Convergence of nanotechnology, microtechnology, microfluidics, photonics, signal processing, and proteomics to build a medical device that could lead to the development of fast, portable point-of-care diagnostics for infectious disease such as HIV or SARS

You might have seen us use the  acronym NBIC, which stands for Nanotechnology, Biotechnology, Information technology and  technologies based on Cognitive science. Initially introduced in the U.S. National Science Foundation's 'Converging Technologies for Improving Human Performance' report this acronym is often used to describe the basic idea that scientific and technological innovation can be stimulated through the convergence of two, three, or all four fields.

The most radical (and most controversial), proponents of convergence suggest that nanotechnologies will promote the unification of most branches of science and technology, based on the unity of nature at the nanoscale, including cognitive sciences. A first step toward this  was announced this summer by scientists at the

University

of

Toronto.

They have demonstrated, for what appears to be the first time, the convergence of nanotechnology, microtechnology, microfluidics, photonics, signal processing, and proteomics to build a medical device that could lead to the development of fast, portable point-of-care diagnostics for infectious disease (IDs) such as HIV, SARS and many others.

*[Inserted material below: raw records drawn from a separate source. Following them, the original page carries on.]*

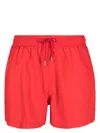 Paul Smith Men's Striped Swim Shorts With Functional Pockets In Red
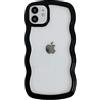 QLTYPRI Custodia per iPhone 11 Cover, iPhone 11 Custodia Trasparente per Ragazze Donne, Silicone Morbido TPU Bordi Curvi Ondulati Antiurto Protettiva Case - Nero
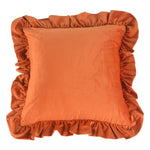Pillow Sham Plush Velvet Ruffled Flange Hidden Zipper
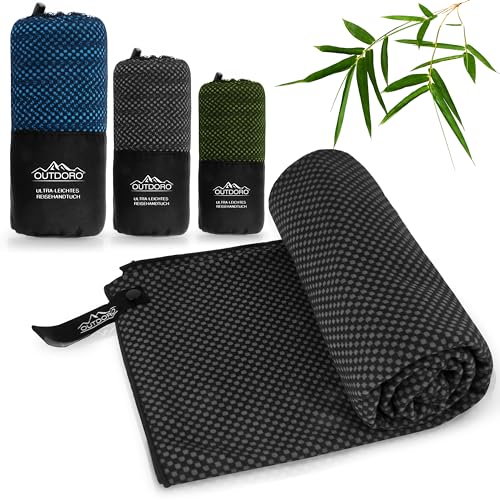 Outdoro Reisehandtuch mit Bambus Kohle Ultra-leicht & saugfähig - komfortabler als Mikrofaser-Handtücher - ideales Sport-Handtuch, Badetuch, Strand-Handtuch, Sauna Towel für Reise & Fitness von Outdoro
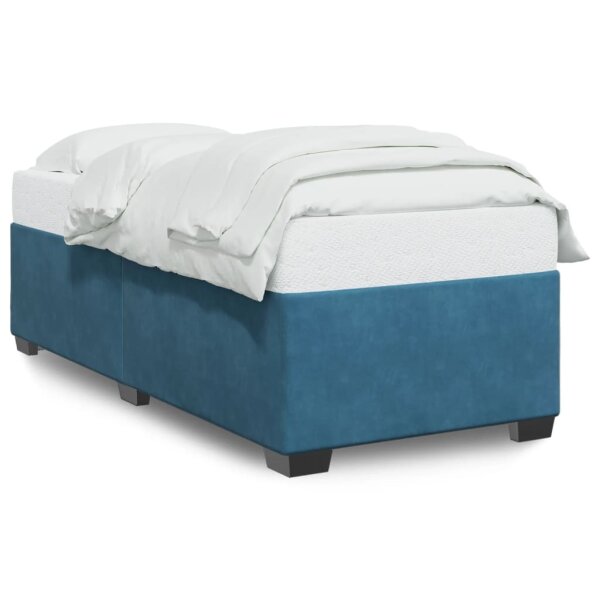 vidaXL Bettgestell Blau 90x190 cm Samt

See article in Nano Letters:

http://pubs.acs.org/cgi-bin/abstract.cgi/nalefd/asap/abs/nl071415m.html

Nano Lett., ASAP Article 10.1021/nl071415m S1530-6984(07)01415-4
Web Release Date: August 18, 2007

Copyright © 2007 American Chemical Society

Convergence of Quantum Dot Barcodes with Microfluidics and Signal Processing for Multiplexed High-Throughput Infectious Disease Diagnostics

Jesse M. Klostranec, Qing Xiang, Gabriella A. Farcas, Jeongjin A. Lee, Alex Rhee, Erin I. Lafferty, Steven D. Perrault, Kevin C. Kain, and Warren C. W. Chan*

Institute of Biomaterials and Biomedical Engineering and The Terrence Donnelly Centre for Cellular and Molecular Research, Institute of Medical Sciences and the McLaughlin Centre for Molecular Medicine, Department of Materials Science, University of Toronto, 160 College Street, Toronto, Ontario M5S 3E1, Canada, and McLaughlin-Rotman Centre for Global Health, Tropical Disease Unit, UHN-Toronto General Hospital, 190 Elizabeth Street, Toronto, Ontario M5M 1M1, Canada

Received June 13, 2007

Revised July 31, 2007

Abstract:

Through the convergence of nano- and microtechnologies (quantum dots and microfluidics), we have created a diagnostic system capable of multiplexed, high-throughput analysis of infectious agents in human serum samples. We demonstrate, as a proof-of-concept, the ability to detect serum biomarkers of the most globally prevalent blood-borne infectious diseases (i.e., hepatitis B, hepatitis C, and HIV) with low sample volume (<100 L), rapidity (<1 h), and 50 times greater sensitivity than that of currently available FDA-approved methods. We further show precision for detecting multiple biomarkers simultaneously in serum with minimal cross-reactivity. This device could be further developed into a portable handheld point-of-care diagnostic system, which would represent a major advance in detecting, monitoring, treating, and preventing infectious disease spread in the developed and developing worlds.